* **INPUT DATA**
━━━━━━━━━━━━━━━━
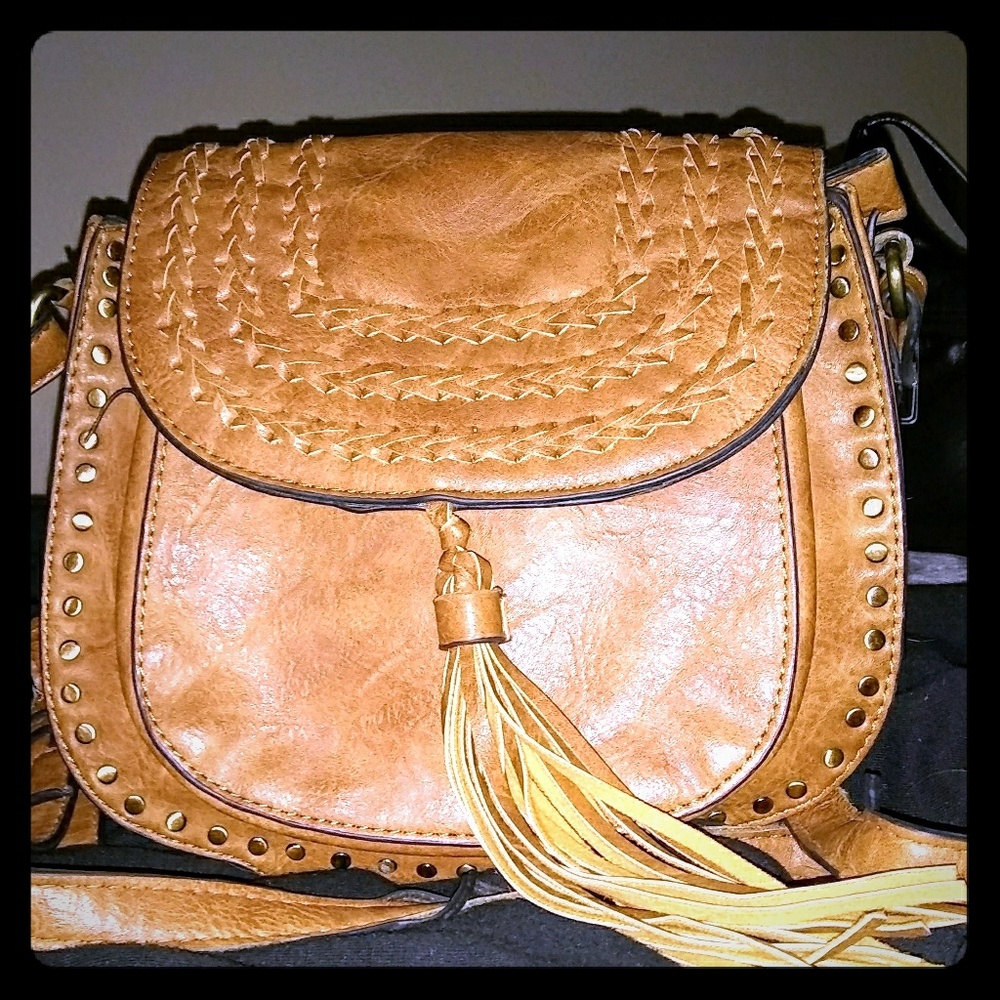 ANTIK KRAFT Tan Faux Leather Studded Crossbody w/T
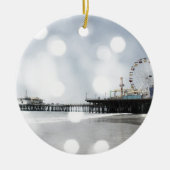 Santa Monica Pier - Gray Sparkles Photo Edit セラミックオーナメント (正面)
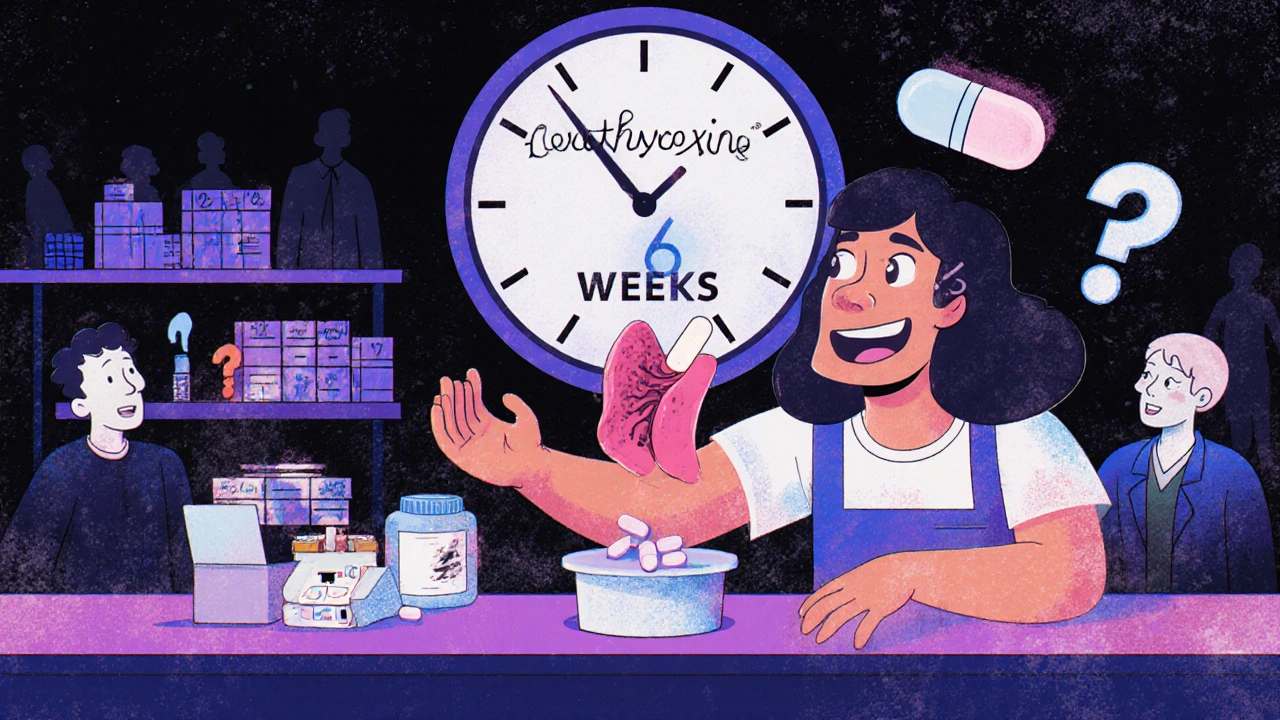 Pharmacist swapping pills while a thyroid gland yawns and a clock counts to six weeks.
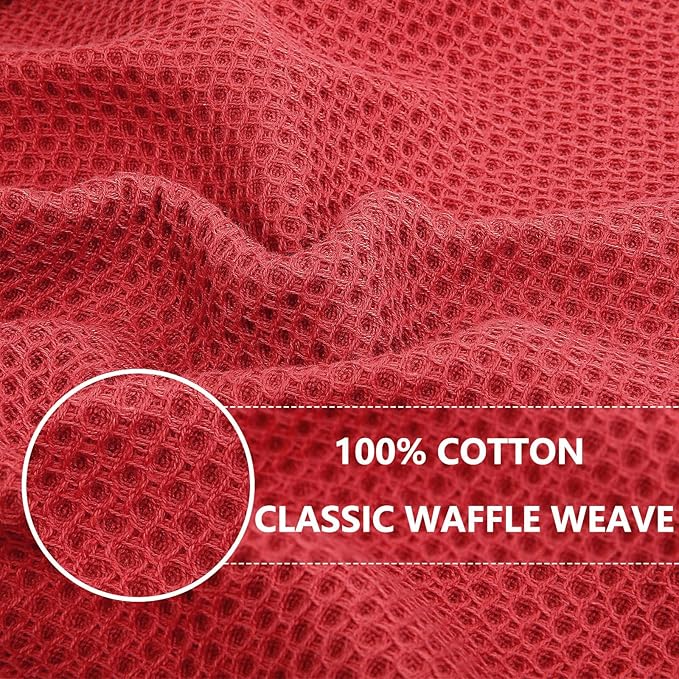 Homaxy 100% Cotton Waffle Weave Kitchen Dish Cloths, Ultra Soft Absorbent Quick Drying Dish Towels, 12 x 12 Inches, 6-Pack, Brick Red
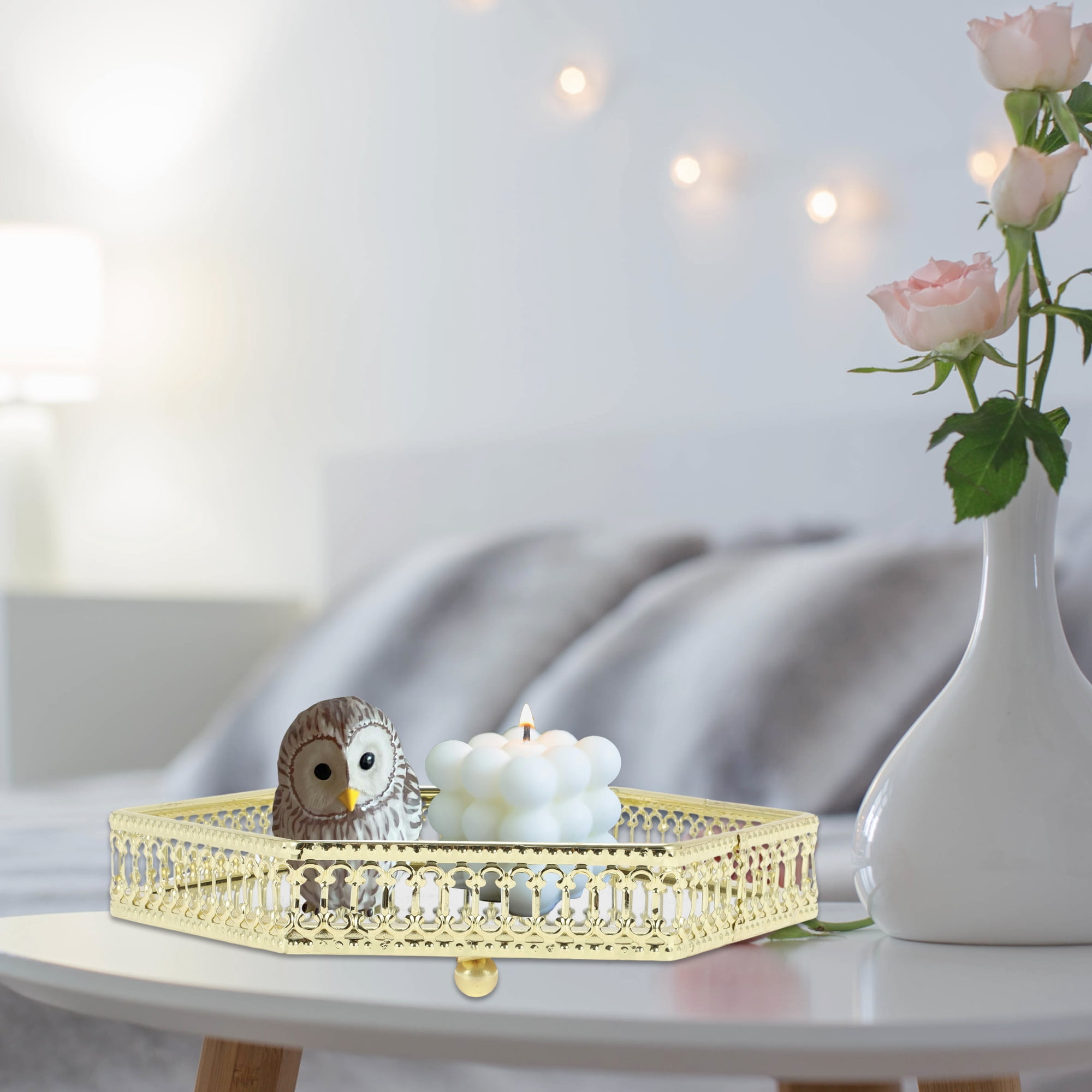 Unique Bargains Mirror Tray Hexagon Metal Perfume Tray Glass Candle Serving Tray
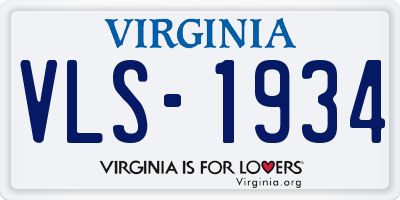 VA license plate VLS1934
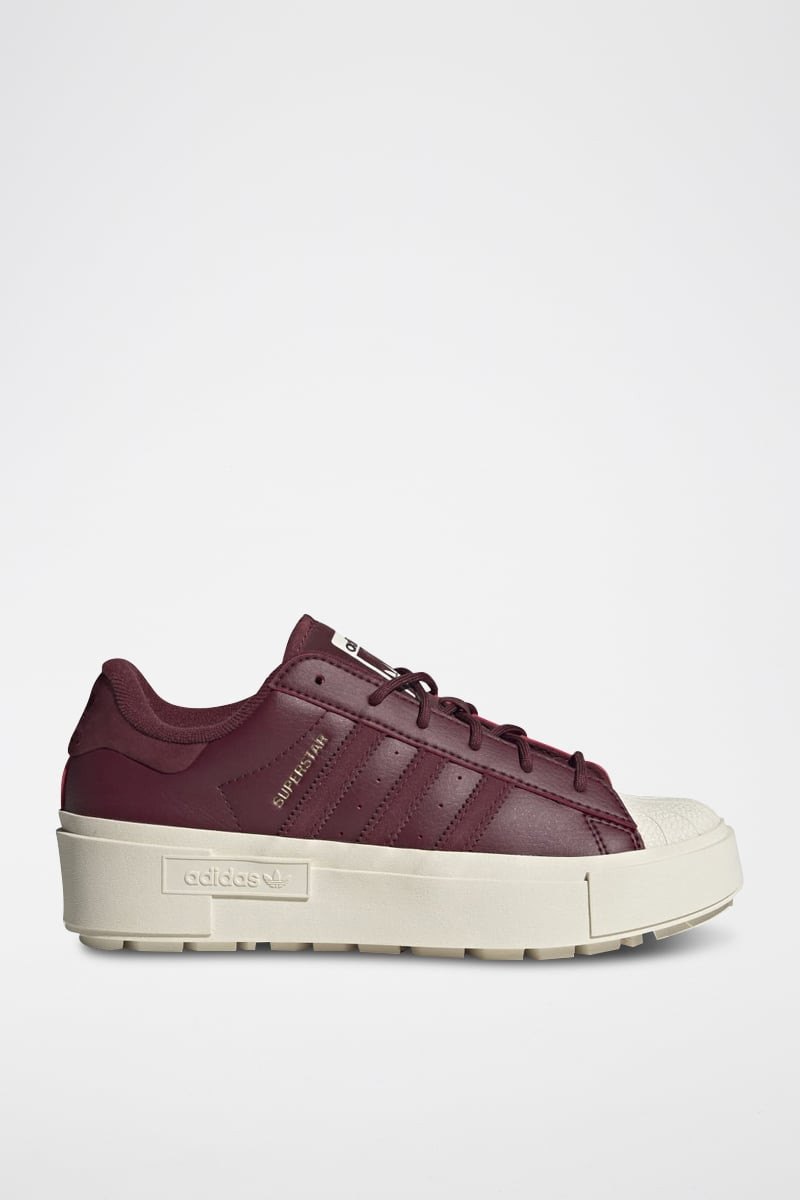 Sneakers plateformes en nubuck Superstar Bonega - Bordeaux et blanc - 02 - 34307171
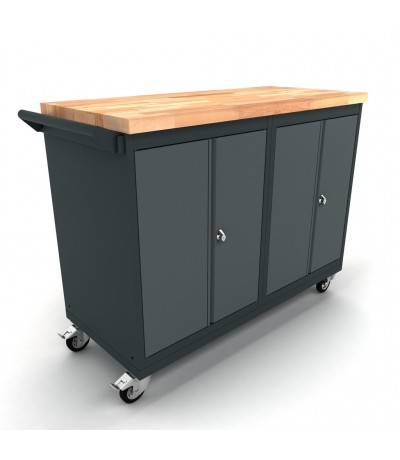 Verrijdbare werkbank 2x 2 deuren kast Werkplaatsinrichting Verrijdbare werkbank 2x 2 deuren kast Werkplaatsinrichting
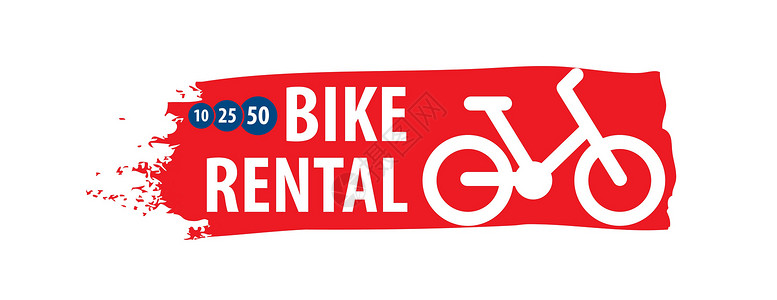 自行车出租的标志 白色背景上的矢量图解运输城市公司徽章海报运动旅行服务活动标识背景图片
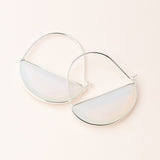 Stone Prism Hoop Earring - Opal/Silver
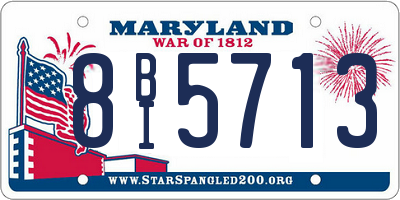 MD license plate 8BI5713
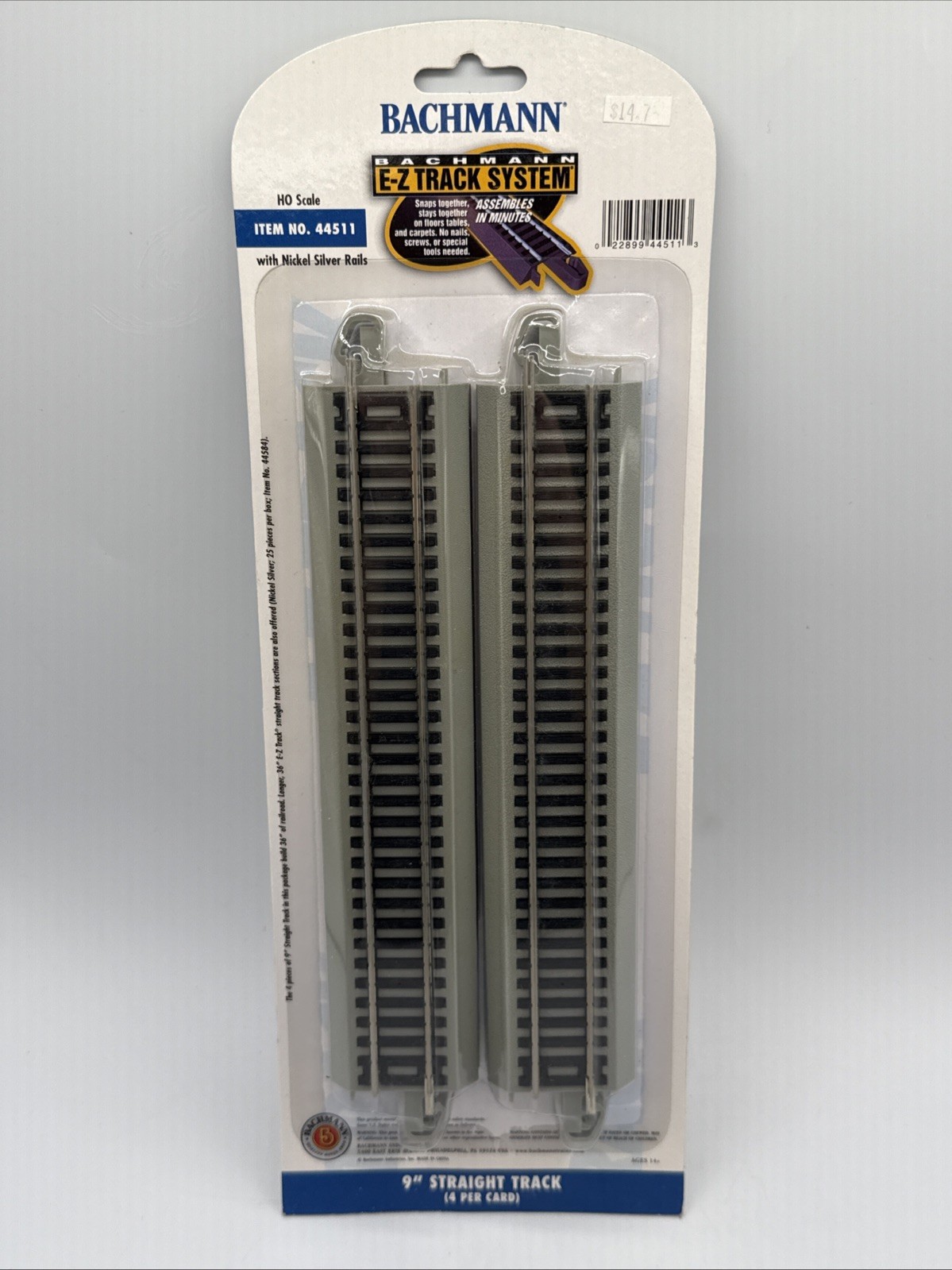 New Bachmann HO scale No. 44511 ~ 9″ straight track ( 4 pieces) New in Sealed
━━━━━━━━━━━━━━━━
* **WHAT THE TASK REQUIRES**
Exclude all pictures and return precisely the lines from the one containing "kast Werkplaatsinrichting Verrijdbare" through the closing line of the data.

* **TASK OUTPUT**
 Verrijdbare werkbank 2x 2 deuren kast Werkplaatsinrichting Verrijdbare werkbank 2x 2 deuren kast Werkplaatsinrichting
 自行车出租的标志 白色背景上的矢量图解运输城市公司徽章海报运动旅行服务活动标识背景图片
 Stone Prism Hoop Earring - Opal/Silver
 MD license plate 8BI5713
 New Bachmann HO scale No. 44511 ~ 9″ straight track ( 4 pieces) New in Sealed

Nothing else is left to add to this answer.